One thing is certain, we need an anchor.

Life is so uncertain.  One moment life is figured out and definite; the next moment you are stumbling in the dark.

What is your anchor?

I have lived my life without an anchor.  Well I should back up a bit.  I have been raised knowing God as my Lord and Saviour.  My faith was sure.  I knew who I was and where I was going.  I had an anchor in my life, The Anchor.

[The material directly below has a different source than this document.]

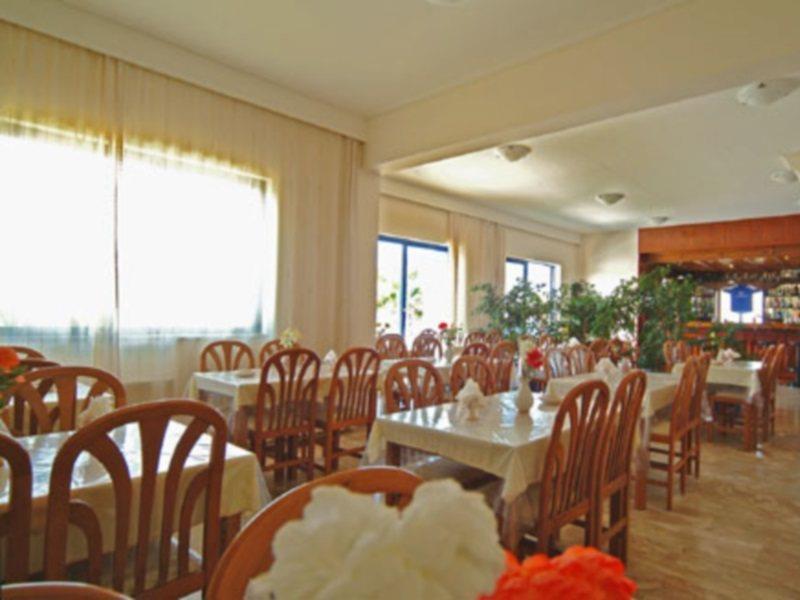 Apellis Hotel 兰皮 外观 照片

But then rough waters came.  I was in college and I no longer wanted an anchor.  I wanted freedom.  Freedom from rules, freedom from the restrictions my anchor gave me.  I hated being tied down.  I had been raised knowing the security of my Anchor.  But I did not want to be the good girl anymore.  I wanted to be the fun girl.  I wanted to live life on my own terms. No more rules.  No more restrictions.

I look back with such clarity on this moment.  I made a decision.  This was not a slow fade away from my faith.  This was an “I am done with my faith” moment.   I cut the rope that attached me to my anchor, the anchor being Christ.

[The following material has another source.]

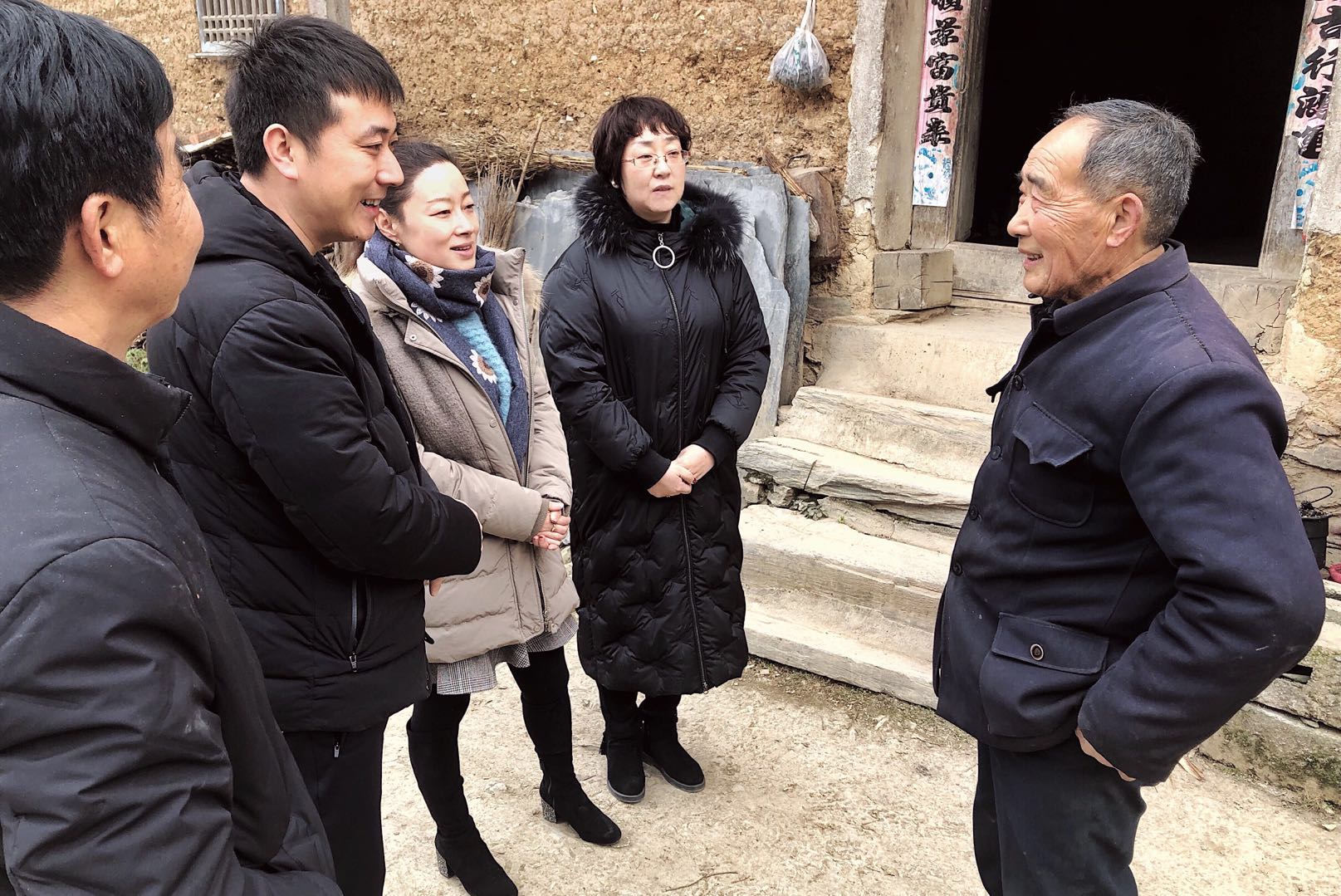 陕西沙巴集团赴旬阳县双河镇走访慰问送温暖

I told God I was done.  If this was Christian living, I wanted no part of it.  I was sitting in my office when I made the decision.  But in my mind, I envision myself on a boat that is anchored.  And I take a knife and I cut the rope and I leave the anchor behind.  I immediately start to drift away, and I smile because I think I am free.

In that moment, I picture the face of Jesus.  He is sad.  But He lets me go; because Jesus never forces us to love Him or choose Him.  It is our choice.  He desires a relationship with us, but we have to choose that.

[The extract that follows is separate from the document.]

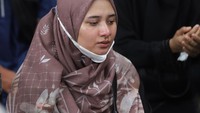 Nadzira Shafa berusaha untuk ikhlas melepas kepergian Ameer Azzikra. Foto: Palevi/detikcom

Cutting free of my anchor was the worst decision I ever made.  I drifted out to deep sea and faced the roughest waters. My life spiraled downward.  I made such poor decisions.  And before I knew it, I felt like I was drowning; drowning in regret and shame and lies. My journey which had started so hopeful was now dark and lonely and hopelessly lost.  My addiction to bulimia led me to lie to everyone I knew and hide from the ones I trusted and loved because I lived in shame.   I coped with my loneliness by partying.  But when the music faded and the party was over, I was still alone and lost, drifting in open waters.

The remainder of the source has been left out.